## Problem description:
Return the records below in full. Keep every word exact and skip the images.

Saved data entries
━━━━━━━━

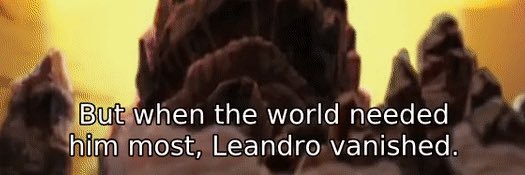 Leandro, RN banner
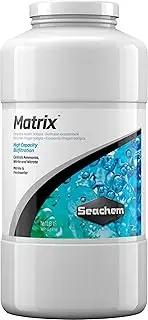 Seachem Matrix Bio Media 1 Litre, 1 Liter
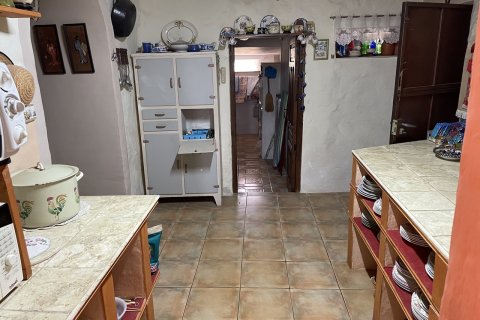 Finca for sale in Cartagena, Murcia, Spain 4 bedrooms, 213 sq.m. No. 189417 - photo 29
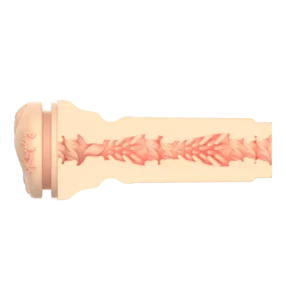 Kiiroo Interactive Sex Toys FeelStars Collection - Kayley Gunner - Male Masturbator internal texture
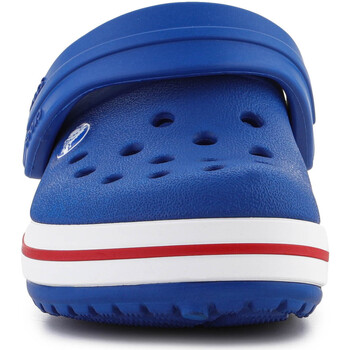 Crocs Papuče TODDLER   Toddler Crocband Clog 207005-4KZ Viacfarebná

━━━━━━━━

## Answer to this task:
 Leandro, RN banner
 Seachem Matrix Bio Media 1 Litre, 1 Liter
 Finca for sale in Cartagena, Murcia, Spain 4 bedrooms, 213 sq.m. No. 189417 - photo 29
 Kiiroo Interactive Sex Toys FeelStars Collection - Kayley Gunner - Male Masturbator internal texture
 Crocs Papuče TODDLER   Toddler Crocband Clog 207005-4KZ Viacfarebná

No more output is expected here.